Discover how Sinkove accelerated medical imaging AI by leveraging Amazon SageMaker HyperPod, reducing costs, and improving training times through a scalable AWS infrastructure.
Customer Overview
Sinkove is at the forefront of medical imaging AI, specialising in the development of advanced diffusion models for both 2D and 3D medical imaging. Their mission is to transform diagnostic and treatment workflows by enabling more precise and data-rich visualisations through AI-driven approaches. As the healthcare industry increasingly turns to AI for efficiency and accuracy, Sinkove’s solutions are helping to redefine what’s possible in medical diagnostics.
Customer Challenge
As demand for their AI-powered imaging tools grew, Sinkove encountered growing pains in their infrastructure. Relying on a combination of in-house servers and academic GPU clusters, they quickly hit limitations in compute capacity, training speed, and cost efficiency. These issues impacted their ability to iterate on models quickly and meet delivery timelines for clients. Specifically, they faced:
- Limited access to high-performance GPUs, creating a bottleneck in training large-scale diffusion models
- High infrastructure and operational costs, especially with rising compute needs
- Delayed project timelines, as training cycles stretched over days or weeks
Scaling limitations, making it difficult to onboard new customers while maintaining model performance.
Partner Solution
To overcome these hurdles, Sinkove partnered with Cloud Combinator, an AWS Advanced Consulting Partner, to rearchitect their training infrastructure using scalable AWS solutions. The strategy included:
- Amazon SageMaker HyperPod: A managed environment with scalable, high-performance GPU clusters designed for complex training workloads. HyperPod enabled Sinkove to train models faster and with more predictable performance.
- Amazon EC2 P4d Instances: Featuring NVIDIA A100 Tensor Core GPUs, these instances were selected to power Sinkove’s most compute-intensive workloads with optimal throughput and cost-efficiency.
- AWS Credits Optimisation: Sinkove had existing AWS credits through the NVIDIA Inception program. Cloud Combinator worked closely with AWS to extend credit usage and ensure maximum cost efficiency, especially during the transition period.

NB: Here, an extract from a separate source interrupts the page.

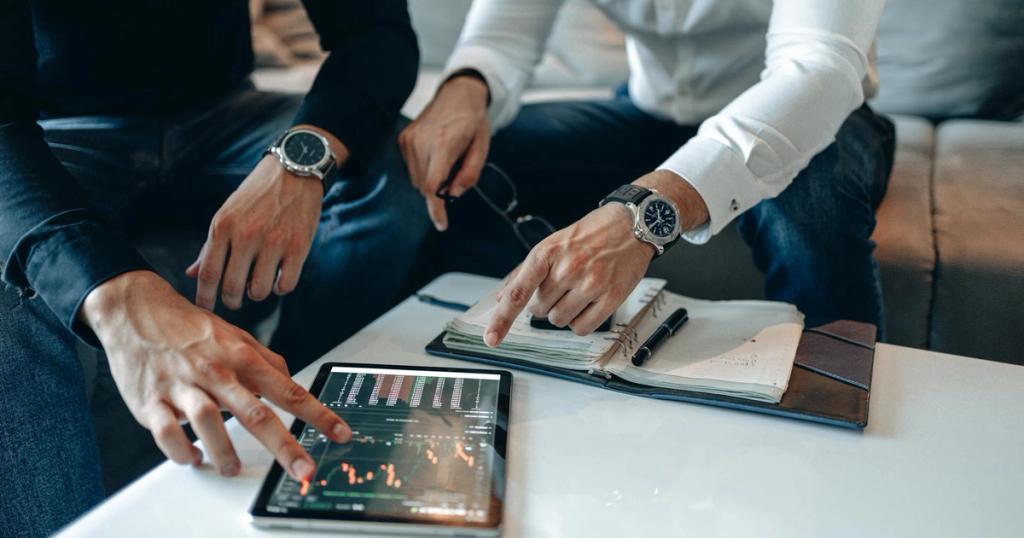 Two businessmen pointing at stock market data on a tablet, engaged in discussion.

This move to a fully cloud-based architecture helped Sinkove eliminate training bottlenecks and enabled seamless scaling to meet both current and future demand.
Results
The collaboration delivered a step change in operational performance:
- Training Time Reduction: Up to 40% faster model training, enabling quicker iteration cycles and faster time-to-market
- Cost Optimisation: Up to 50% savings on compute costs through better resource utilisation and credit strategy
- Time Efficiency: Weeks saved on infrastructure setup and training management through automation and cloud-native workflows
- Scalability: The new setup is designed to support the onboarding of 10–12 new customers over the next 12 months without any degradation in training performance or resource contention
By adopting AWS and working with Cloud Combinator, Sinkove not only resolved its immediate performance issues but also created a foundation for sustainable growth and innovation.
Future Outlook
With a scalable, cloud-native infrastructure now in place, Sinkove is well-positioned to expand its customer base and further develop its diffusion model capabilities. The company’s leadership plans to continue leveraging AWS technologies for ongoing innovation, confident that their infrastructure can handle increasing workloads without compromising speed, cost, or reliability.
The partnership with Cloud Combinator and AWS has not only solved Sinkove’s immediate compute challenges but also empowered the company to maintain its competitive edge in the rapidly evolving healthcare AI landscape.